The Lambrettas came into being in the late 1970s – they are most remembered for their second single Poison Ivy, and album Beat Boys in the Jet Age.
Since 1982 up to 2009 the band got back together now and then, but never with the intention of it being permanent. However, in 2009 Doug and Paul were asked if they would get back together to do a short set at a Modrophenia event in Brighton. As Jez could no longer be with them, and Mark was in America, they were joined by Phil Edwards on guitar and Chris Venzi-James on bass. After the Brighton gig it was clear they were back together permanently. Paul says: ‘we asked Mark if he wanted to come back to England, but he was settled in America and so we kept to the line-up we had rehearsed with.’ They are still in regular contact with Mark.
In 2014, due to other commitments Chris was replaced temporarily by Nick Beetham on bass. However, they now have full time bass player Ant Wellman, who joined them at the beginning of 2015. In the summer of 2015 the addition of a 3-piece brass section for some shows has added a new dynamic to The Lambrettas. They are Helen Kane on trumpet, Dan Rehahn on trombone and Mark Mansell on sax. They have joined The Lambrettas for most shows ever since
During January and February 2016, The Lambrettas were in the studio recording a new EP, Go 4 It. This was due to be released in 2016, but was held up for various reasons. Release date for Go 4 It is now 30 January 2017, and can be found on CD and vinyl in record stores from that date. 2015 saw the 35th anniversary of the release of Beat Boys in the Jet Age. To commemorate this, Beat Boys was re-released in February 2015 on the Salvo label. The package also includes a second CD with Ambience, singles and B-sides, and is available from Amazon.
The Chords, a South East London group, formed in 1978 when singer/guitarist Billy Hassett and his bassist cousin, Martin Mason, advertised for musicians in the NME and found guitarist and songwriter, Chris Pope. Original drummer Paul Halpin did not stay long, at least behind his drum kit, and eventually became the group’s tour manager. In his place came Brett “Buddy” Ascott, and by March 1979 The Chords were taking the stage. They gigged continuously over the spring and summer, headlining two mod festivals at London’s Marquee Club and recording their first BBC Radio 1 session for DJ John Peel in early July. They also featured, along with some of their fans, on the cover of Time Out magazine. Amongst their early supporters were Paul Weller, who saw one of their first concerts, and Sham 69‘s Jimmy Pursey, who signed the group to his JP Productions company.

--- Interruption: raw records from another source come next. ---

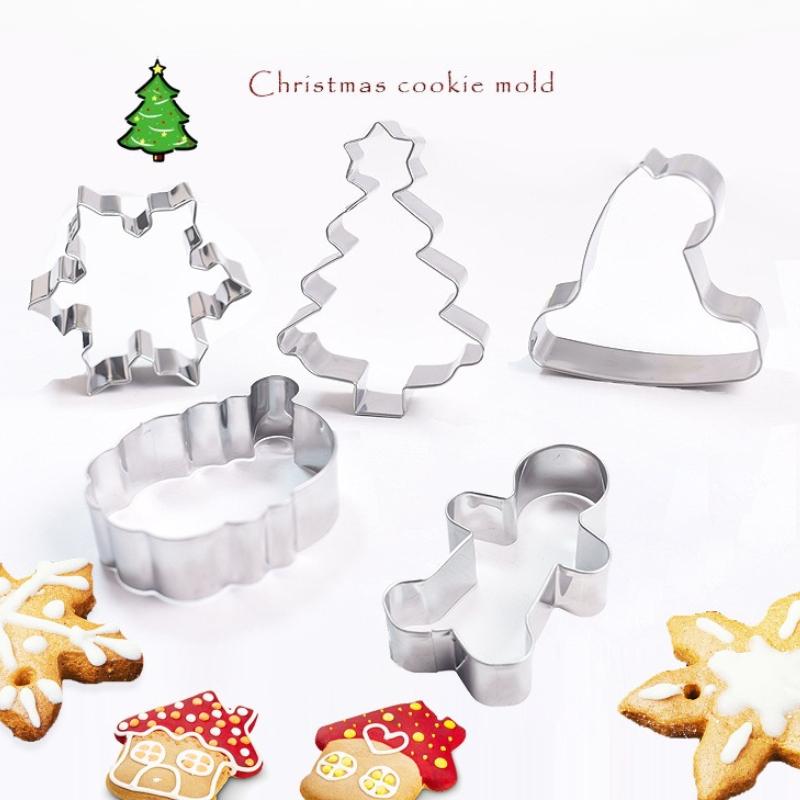 20pcs Stainless Steel Christmas Cookie Cutter Set Mini Baking Mold for Cookies Vegetables and Holiday Desserts
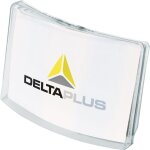 Porte - badge pour casque de s�curit� delta plus incolore en polycarbonate ( prix pour 1 )
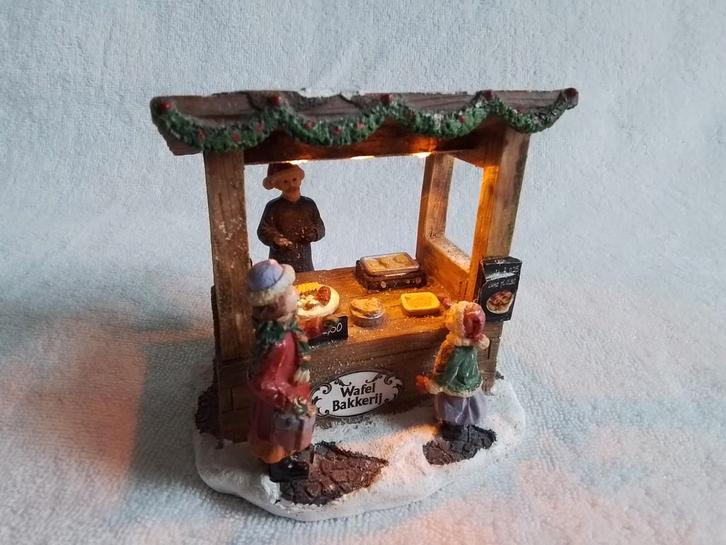 Kerstdorp Wafelkraam "Typisch Hollands", Diversen, Kerst, Ophalen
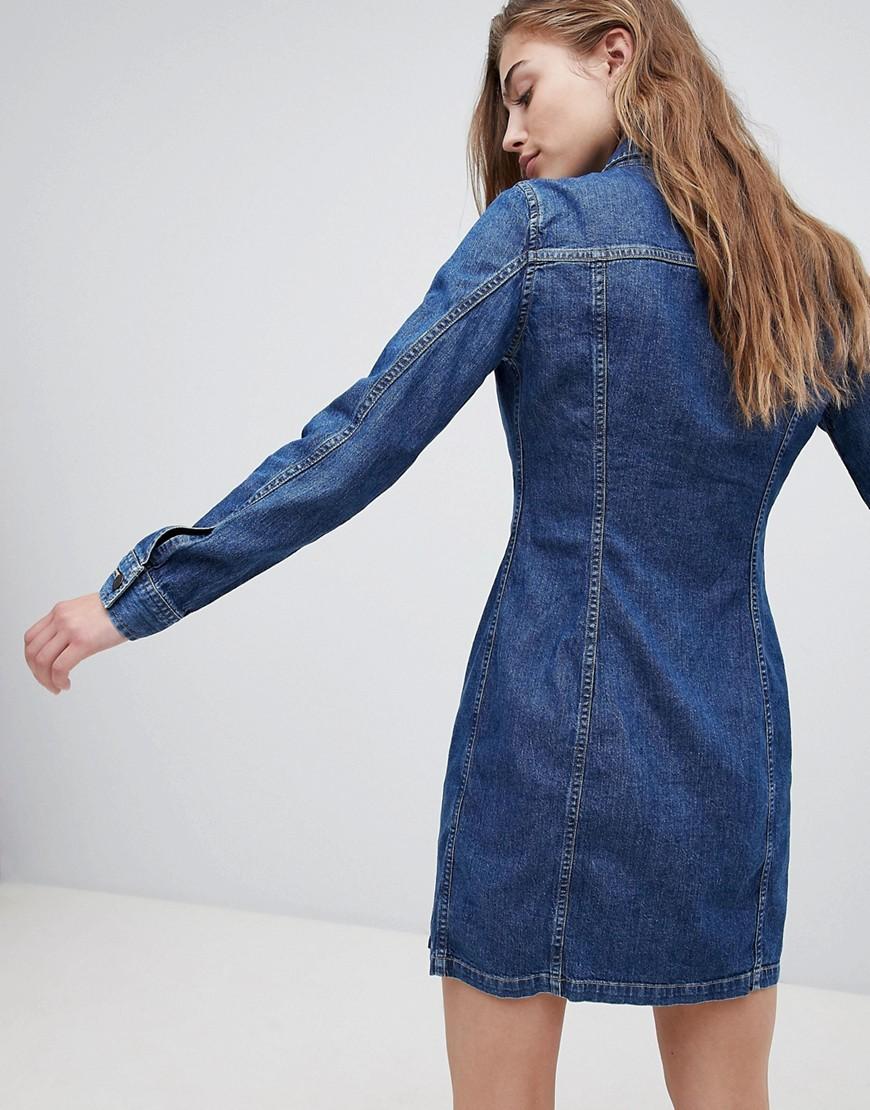 Vestito di jeans stile western a maniche lunghe con bottoniLevi's in Denim  di colore Blu | Lyst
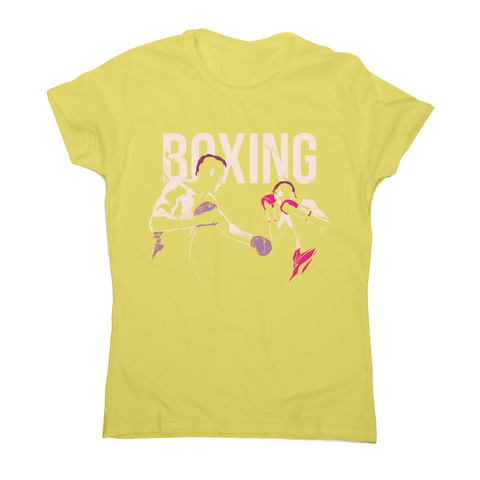 Boxing grunge fighters women's t-shirt - Graphic Gear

They followed it up in January 1980 with Maybe Tomorrow, which, bolstered by rave reviews in the press, shot in to the UK Top 40. A second Peel session was recorded in March, and the next month their third single, Something’s Missing, arrived. This taster for their debut album, So Far Away, reached No. 55. The album made No. 30 in the UK Albums Chart in May, bolstered by a UK tour. The album included two cover versions; Sam & Dave‘s Hold On, I’m Comin’ and The Beatles‘ She Said She Said.
In August 2010, The Chords went back on the road with their original line-up, promoting the single, Another Thing Coming, and playing gigs across the UK. They also toured Australia and Japan in 2012. There is now a DVD What Became of the People We Used To Be – The History of The Chords charting the band’s rise to cult status.